Task directions: Below are lines of data, and only some are wanted. Please repeat exactly those from the line that has "Damen mit Knopf-V-Ausschnitt" through the line that has "Step drill bits".

Records:
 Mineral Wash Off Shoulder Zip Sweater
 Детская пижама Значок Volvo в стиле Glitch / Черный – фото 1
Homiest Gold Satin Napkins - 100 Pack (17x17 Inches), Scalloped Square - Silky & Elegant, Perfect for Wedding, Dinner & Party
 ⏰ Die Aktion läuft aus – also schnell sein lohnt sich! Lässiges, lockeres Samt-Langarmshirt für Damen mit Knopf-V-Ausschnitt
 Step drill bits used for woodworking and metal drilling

...

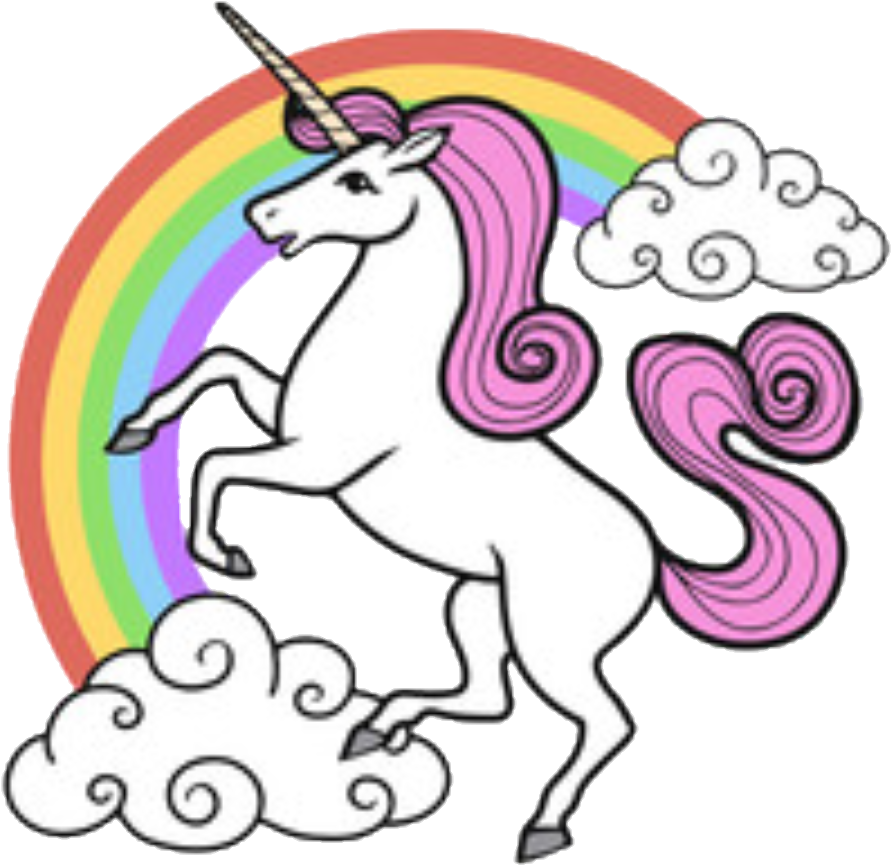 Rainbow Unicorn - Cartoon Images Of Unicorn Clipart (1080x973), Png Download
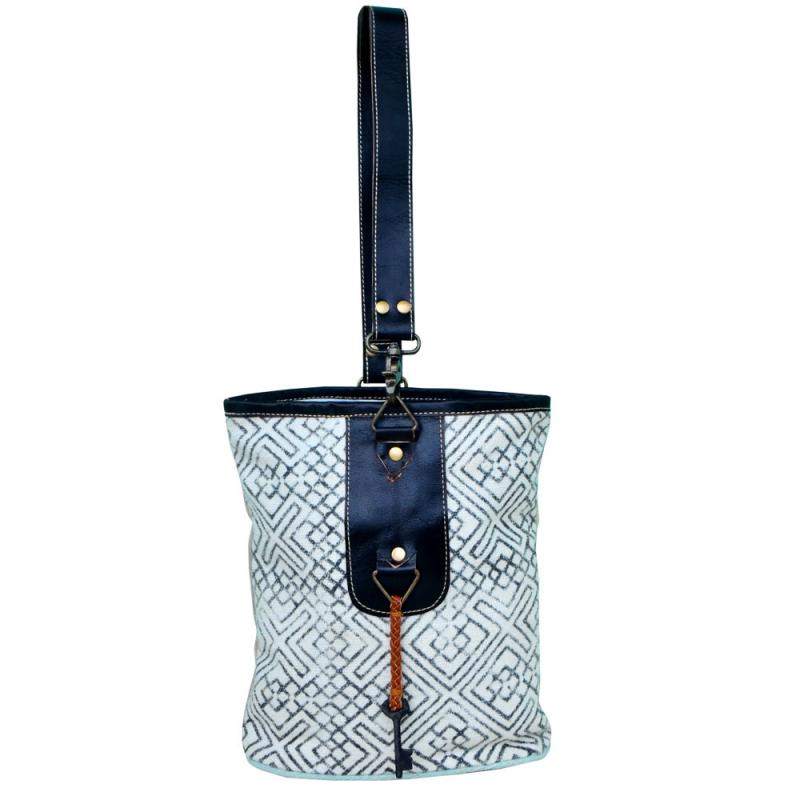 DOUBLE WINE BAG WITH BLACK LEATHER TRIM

Task result:
 ⏰ Die Aktion läuft aus – also schnell sein lohnt sich! Lässiges, lockeres Samt-Langarmshirt für Damen mit Knopf-V-Ausschnitt
 Step drill bits used for woodworking and metal drilling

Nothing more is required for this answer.